* PROBLEM REQUIREMENTS
Go through the records and give each one again exactly.

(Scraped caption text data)
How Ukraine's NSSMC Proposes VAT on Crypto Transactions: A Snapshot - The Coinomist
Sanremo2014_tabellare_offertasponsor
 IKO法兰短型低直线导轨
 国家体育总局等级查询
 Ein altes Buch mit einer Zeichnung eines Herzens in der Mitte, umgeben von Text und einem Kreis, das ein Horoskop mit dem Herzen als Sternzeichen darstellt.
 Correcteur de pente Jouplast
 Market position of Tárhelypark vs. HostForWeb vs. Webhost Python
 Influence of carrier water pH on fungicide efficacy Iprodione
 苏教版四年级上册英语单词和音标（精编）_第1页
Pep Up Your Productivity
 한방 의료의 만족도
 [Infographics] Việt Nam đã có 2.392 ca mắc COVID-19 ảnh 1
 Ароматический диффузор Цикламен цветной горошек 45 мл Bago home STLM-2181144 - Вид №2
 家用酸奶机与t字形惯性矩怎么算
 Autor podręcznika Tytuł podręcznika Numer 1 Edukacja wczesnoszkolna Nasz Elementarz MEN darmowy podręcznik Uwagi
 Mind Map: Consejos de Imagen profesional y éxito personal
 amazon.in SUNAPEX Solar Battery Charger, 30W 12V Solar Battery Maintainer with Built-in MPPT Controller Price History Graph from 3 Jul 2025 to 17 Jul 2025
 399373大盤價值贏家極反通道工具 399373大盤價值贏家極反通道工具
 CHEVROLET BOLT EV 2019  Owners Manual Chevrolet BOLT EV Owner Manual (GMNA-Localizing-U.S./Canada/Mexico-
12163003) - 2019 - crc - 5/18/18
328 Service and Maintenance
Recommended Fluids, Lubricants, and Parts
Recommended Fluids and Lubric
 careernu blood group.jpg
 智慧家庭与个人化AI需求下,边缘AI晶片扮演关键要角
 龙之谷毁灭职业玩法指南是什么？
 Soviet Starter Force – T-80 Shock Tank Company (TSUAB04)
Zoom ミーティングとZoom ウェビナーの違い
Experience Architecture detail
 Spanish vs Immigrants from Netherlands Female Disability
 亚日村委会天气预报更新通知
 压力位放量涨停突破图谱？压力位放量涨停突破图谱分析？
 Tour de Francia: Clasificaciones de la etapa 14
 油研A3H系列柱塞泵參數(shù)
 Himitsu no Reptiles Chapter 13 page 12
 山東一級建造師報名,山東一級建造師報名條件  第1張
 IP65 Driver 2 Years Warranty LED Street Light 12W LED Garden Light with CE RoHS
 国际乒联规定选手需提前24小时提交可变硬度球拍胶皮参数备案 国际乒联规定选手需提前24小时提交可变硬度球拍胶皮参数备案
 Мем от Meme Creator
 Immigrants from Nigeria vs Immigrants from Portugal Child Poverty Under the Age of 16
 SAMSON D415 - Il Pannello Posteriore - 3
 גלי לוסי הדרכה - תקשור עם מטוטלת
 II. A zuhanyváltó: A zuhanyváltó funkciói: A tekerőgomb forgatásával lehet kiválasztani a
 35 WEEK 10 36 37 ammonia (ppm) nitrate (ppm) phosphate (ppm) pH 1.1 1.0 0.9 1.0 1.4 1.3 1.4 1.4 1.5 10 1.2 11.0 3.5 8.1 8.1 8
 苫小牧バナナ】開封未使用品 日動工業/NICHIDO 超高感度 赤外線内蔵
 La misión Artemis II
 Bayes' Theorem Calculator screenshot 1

* EXERCISE ANSWER
How Ukraine's NSSMC Proposes VAT on Crypto Transactions: A Snapshot - The Coinomist
Sanremo2014_tabellare_offertasponsor
 IKO法兰短型低直线导轨
 国家体育总局等级查询
 Ein altes Buch mit einer Zeichnung eines Herzens in der Mitte, umgeben von Text und einem Kreis, das ein Horoskop mit dem Herzen als Sternzeichen darstellt.
 Correcteur de pente Jouplast
 Market position of Tárhelypark vs. HostForWeb vs. Webhost Python
 Influence of carrier water pH on fungicide efficacy Iprodione
 苏教版四年级上册英语单词和音标（精编）_第1页
Pep Up Your Productivity
 한방 의료의 만족도
 [Infographics] Việt Nam đã có 2.392 ca mắc COVID-19 ảnh 1
 Ароматический диффузор Цикламен цветной горошек 45 мл Bago home STLM-2181144 - Вид №2
 家用酸奶机与t字形惯性矩怎么算
 Autor podręcznika Tytuł podręcznika Numer 1 Edukacja wczesnoszkolna Nasz Elementarz MEN darmowy podręcznik Uwagi
 Mind Map: Consejos de Imagen profesional y éxito personal
 amazon.in SUNAPEX Solar Battery Charger, 30W 12V Solar Battery Maintainer with Built-in MPPT Controller Price History Graph from 3 Jul 2025 to 17 Jul 2025
 399373大盤價值贏家極反通道工具 399373大盤價值贏家極反通道工具
 CHEVROLET BOLT EV 2019  Owners Manual Chevrolet BOLT EV Owner Manual (GMNA-Localizing-U.S./Canada/Mexico-
12163003) - 2019 - crc - 5/18/18
328 Service and Maintenance
Recommended Fluids, Lubricants, and Parts
Recommended Fluids and Lubric
 careernu blood group.jpg
 智慧家庭与个人化AI需求下,边缘AI晶片扮演关键要角
 龙之谷毁灭职业玩法指南是什么？
 Soviet Starter Force – T-80 Shock Tank Company (TSUAB04)
Zoom ミーティングとZoom ウェビナーの違い
Experience Architecture detail
 Spanish vs Immigrants from Netherlands Female Disability
 亚日村委会天气预报更新通知
 压力位放量涨停突破图谱？压力位放量涨停突破图谱分析？
 Tour de Francia: Clasificaciones de la etapa 14
 油研A3H系列柱塞泵參數(shù)
 Himitsu no Reptiles Chapter 13 page 12
 山東一級建造師報名,山東一級建造師報名條件  第1張
 IP65 Driver 2 Years Warranty LED Street Light 12W LED Garden Light with CE RoHS
 国际乒联规定选手需提前24小时提交可变硬度球拍胶皮参数备案 国际乒联规定选手需提前24小时提交可变硬度球拍胶皮参数备案
 Мем от Meme Creator
 Immigrants from Nigeria vs Immigrants from Portugal Child Poverty Under the Age of 16
 SAMSON D415 - Il Pannello Posteriore - 3
 גלי לוסי הדרכה - תקשור עם מטוטלת
 II. A zuhanyváltó: A zuhanyváltó funkciói: A tekerőgomb forgatásával lehet kiválasztani a
 35 WEEK 10 36 37 ammonia (ppm) nitrate (ppm) phosphate (ppm) pH 1.1 1.0 0.9 1.0 1.4 1.3 1.4 1.4 1.5 10 1.2 11.0 3.5 8.1 8.1 8
 苫小牧バナナ】開封未使用品 日動工業/NICHIDO 超高感度 赤外線内蔵
 La misión Artemis II
 Bayes' Theorem Calculator screenshot 1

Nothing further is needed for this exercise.